Scraped caption text data:
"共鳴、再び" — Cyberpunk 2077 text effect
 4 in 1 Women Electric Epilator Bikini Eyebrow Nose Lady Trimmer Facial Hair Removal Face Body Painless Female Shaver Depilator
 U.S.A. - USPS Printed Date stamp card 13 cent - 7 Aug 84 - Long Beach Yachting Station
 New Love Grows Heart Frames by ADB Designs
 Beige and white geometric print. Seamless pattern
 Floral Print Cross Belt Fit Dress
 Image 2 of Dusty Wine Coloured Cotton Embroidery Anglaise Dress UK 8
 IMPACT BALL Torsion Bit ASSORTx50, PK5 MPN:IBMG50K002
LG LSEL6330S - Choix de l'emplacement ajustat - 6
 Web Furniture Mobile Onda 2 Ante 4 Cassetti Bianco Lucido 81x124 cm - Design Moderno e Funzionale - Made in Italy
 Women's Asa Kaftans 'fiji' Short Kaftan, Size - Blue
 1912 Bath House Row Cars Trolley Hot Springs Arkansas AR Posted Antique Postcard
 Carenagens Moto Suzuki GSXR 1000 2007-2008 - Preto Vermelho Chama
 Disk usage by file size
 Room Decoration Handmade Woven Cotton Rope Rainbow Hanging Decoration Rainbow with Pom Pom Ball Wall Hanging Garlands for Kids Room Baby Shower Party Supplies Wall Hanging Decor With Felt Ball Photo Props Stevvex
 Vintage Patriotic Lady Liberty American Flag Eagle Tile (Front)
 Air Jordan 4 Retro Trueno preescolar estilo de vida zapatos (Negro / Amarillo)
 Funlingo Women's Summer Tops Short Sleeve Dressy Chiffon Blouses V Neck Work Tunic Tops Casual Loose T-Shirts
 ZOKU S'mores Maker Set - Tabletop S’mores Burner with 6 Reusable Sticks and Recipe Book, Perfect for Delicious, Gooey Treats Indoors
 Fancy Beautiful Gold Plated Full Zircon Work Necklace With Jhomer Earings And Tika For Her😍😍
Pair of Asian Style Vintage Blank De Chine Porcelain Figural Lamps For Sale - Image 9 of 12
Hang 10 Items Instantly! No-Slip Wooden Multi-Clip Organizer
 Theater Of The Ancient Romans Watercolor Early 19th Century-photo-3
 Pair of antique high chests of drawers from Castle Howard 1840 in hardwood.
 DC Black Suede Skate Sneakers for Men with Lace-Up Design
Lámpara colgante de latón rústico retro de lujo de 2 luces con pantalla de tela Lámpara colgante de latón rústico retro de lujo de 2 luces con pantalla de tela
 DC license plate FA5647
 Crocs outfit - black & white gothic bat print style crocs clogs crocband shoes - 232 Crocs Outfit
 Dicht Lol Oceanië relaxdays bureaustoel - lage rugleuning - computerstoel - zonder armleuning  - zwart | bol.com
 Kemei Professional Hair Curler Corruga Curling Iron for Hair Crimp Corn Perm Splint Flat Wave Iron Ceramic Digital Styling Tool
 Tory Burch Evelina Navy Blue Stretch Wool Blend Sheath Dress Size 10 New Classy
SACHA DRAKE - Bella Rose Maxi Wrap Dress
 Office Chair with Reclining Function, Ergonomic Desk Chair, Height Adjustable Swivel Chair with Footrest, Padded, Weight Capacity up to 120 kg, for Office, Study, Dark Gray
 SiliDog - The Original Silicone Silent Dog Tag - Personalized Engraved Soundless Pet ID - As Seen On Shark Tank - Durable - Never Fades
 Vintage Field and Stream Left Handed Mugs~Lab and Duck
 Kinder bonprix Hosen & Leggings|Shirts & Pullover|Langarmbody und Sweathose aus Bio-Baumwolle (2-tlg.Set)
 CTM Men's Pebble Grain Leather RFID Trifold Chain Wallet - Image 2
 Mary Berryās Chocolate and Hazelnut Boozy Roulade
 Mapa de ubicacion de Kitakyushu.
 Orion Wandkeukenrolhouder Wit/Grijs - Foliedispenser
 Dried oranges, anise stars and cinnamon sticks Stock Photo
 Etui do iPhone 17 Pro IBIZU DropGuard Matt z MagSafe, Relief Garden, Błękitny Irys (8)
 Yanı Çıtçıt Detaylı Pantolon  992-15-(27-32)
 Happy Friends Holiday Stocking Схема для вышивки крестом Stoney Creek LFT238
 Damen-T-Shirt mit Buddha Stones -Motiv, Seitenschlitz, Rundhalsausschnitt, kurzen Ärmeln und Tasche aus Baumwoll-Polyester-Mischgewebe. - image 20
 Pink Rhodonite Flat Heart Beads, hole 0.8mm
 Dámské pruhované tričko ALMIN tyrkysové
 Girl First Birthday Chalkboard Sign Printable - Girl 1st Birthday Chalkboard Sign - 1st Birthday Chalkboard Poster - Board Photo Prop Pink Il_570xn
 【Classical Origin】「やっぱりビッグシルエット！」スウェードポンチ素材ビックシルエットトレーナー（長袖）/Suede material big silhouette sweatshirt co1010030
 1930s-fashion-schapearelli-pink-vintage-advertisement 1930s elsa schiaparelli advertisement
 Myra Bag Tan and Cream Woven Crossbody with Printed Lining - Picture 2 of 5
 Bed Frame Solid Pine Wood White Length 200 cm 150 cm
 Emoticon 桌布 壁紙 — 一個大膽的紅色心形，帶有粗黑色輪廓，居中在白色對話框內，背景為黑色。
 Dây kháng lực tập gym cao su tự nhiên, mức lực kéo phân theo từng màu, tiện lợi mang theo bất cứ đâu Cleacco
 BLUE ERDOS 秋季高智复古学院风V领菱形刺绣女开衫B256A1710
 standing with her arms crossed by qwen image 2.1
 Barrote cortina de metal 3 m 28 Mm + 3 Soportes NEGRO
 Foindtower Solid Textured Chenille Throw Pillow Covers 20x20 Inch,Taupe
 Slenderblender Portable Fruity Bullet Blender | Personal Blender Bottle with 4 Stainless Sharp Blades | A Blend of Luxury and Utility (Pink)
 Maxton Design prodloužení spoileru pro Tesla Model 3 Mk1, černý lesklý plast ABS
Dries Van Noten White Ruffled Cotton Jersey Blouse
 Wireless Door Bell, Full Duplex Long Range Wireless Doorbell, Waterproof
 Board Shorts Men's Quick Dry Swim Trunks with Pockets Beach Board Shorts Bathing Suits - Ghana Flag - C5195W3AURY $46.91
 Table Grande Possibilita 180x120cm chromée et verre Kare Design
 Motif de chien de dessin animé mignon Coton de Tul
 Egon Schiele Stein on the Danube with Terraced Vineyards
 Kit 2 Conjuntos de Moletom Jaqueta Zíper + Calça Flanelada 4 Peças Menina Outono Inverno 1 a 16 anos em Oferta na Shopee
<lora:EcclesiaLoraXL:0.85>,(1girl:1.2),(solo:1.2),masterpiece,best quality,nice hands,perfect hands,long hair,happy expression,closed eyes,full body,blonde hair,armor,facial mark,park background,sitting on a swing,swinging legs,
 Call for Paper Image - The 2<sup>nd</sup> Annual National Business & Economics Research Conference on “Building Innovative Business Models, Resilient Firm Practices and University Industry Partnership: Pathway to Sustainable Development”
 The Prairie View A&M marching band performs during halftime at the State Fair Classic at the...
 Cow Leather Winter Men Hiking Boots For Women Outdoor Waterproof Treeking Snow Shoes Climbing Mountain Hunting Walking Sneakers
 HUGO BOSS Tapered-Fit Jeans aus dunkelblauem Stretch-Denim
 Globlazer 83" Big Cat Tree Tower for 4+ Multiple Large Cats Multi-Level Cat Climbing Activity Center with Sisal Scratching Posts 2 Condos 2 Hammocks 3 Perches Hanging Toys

**Task goal:** All that should be written out is the stretch of lines above between the one holding "Orion Wandkeukenrolhouder Wit/Grijs" and the one holding "Happy Friends Holiday", inclusive, exactly as given.

**Worked solution:**
 Orion Wandkeukenrolhouder Wit/Grijs - Foliedispenser
 Dried oranges, anise stars and cinnamon sticks Stock Photo
 Etui do iPhone 17 Pro IBIZU DropGuard Matt z MagSafe, Relief Garden, Błękitny Irys (8)
 Yanı Çıtçıt Detaylı Pantolon  992-15-(27-32)
 Happy Friends Holiday Stocking Схема для вышивки крестом Stoney Creek LFT238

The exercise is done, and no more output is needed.